I think we all end up having a preferred 'type' when it comes to the opposite sex. Of course, it's not exactly a concrete thing; my mother admits that my dad is the complete opposite to her 'type'; but we do have our own preferences when it comes to looking for a relationship. I think it applies to friends as well. You're looking for specific things in people you become friends with. If you don't gel with them, the friendship ain't gonna work.
But this post isn't about that. As well as having preferences in people, I think a lot of writers have preferences in the characters that they write. In fanfiction especially, since you're not going to write a character you don't identify with or find appealing in some way.
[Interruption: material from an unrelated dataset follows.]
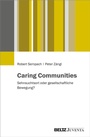 Cover: Caring Communities - Juventa Verlag ein Imprint der Beltz Verlagsgruppe GmbH & Co. KG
At least, I know I wouldn't.
Me? I'm fairly easy to please. And since I wanted to write a post today, but wasn't entirely sure on a subject, I decided to do a basic run-down of my favourite character types.
|Sort of like a bait and switch personality type deal.|
The tsundere is the girl (occasionally a boy, but not often) that runs hot and cold, usually on the boy she likes. Naturally, this means that I get to have way too much fun stringing out relationship developments. She'll spend the whole time swinging wildly between bitching him out and acting all cute and shy because he did a nice thing. But it's not because she likes him or anything, okay?!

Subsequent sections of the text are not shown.